Published on by Russ BowmanLeave a comment

Canned food has been around since the early 1800s, when the French government offered 12,000 francs (I don’t know how much that is in today’s currency, but it sounds like a LOT) to the first person to come up with a way to effectively and affordably preserve food, so the French army could take it with them during Napoleon’s planned conquest of Europe. Nicolas Appert, a candy maker and chef to the rich and famous, had been experimenting with cooking food inside sealed containers and noticed that it didn’t spoil if the seals didn’t leak. So he demonstrated his technique to the powers that be, and walked away with the 12,000 franc prize. It didn’t really pan out for the army because the process was slow & expensive, but canned food became something of a novelty among the aforementioned rich & famous of the day. This WAS the heyday of the Industrial Revolution, though, and food companies quickly advanced the technology for mass production. Today, there are very few food products that you won’t find a canned or jarred version of. In the early days, you had to use a can opener, but today you can find pull tabs on many cans, especially beverages.

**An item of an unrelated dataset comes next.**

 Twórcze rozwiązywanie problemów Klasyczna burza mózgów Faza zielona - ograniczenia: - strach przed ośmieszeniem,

Ever since Jimmy Buffett cut his heel on the one on the left in “Margaritaville”, we’ve been drinking from cans with ‘pop tops’ like the one on the right.

A more recent innovation is a peel-off foil seal on the lid that seals the product for freshness, immediately after packaging. It’s then removed by the consumer after purchase, and the container is commonly supplied with a plastic lid that snaps onto the rim.

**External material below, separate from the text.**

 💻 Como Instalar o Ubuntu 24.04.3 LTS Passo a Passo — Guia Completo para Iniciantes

A container manufacturer uses Model 3925 Adjustable Spot Cooler Systems with Dual Outlet Cold Air Hoses to rapidly cool the freshly heated sealed foil onto metal lids like those that are used for coffee cans. This allows them to move the lids from the heat sealing station to the next process faster.

From left to right: EXAIR Mini Coolers, Cold Guns, and Adjustable Spot Coolers come with Magnetic Bases for instant installation.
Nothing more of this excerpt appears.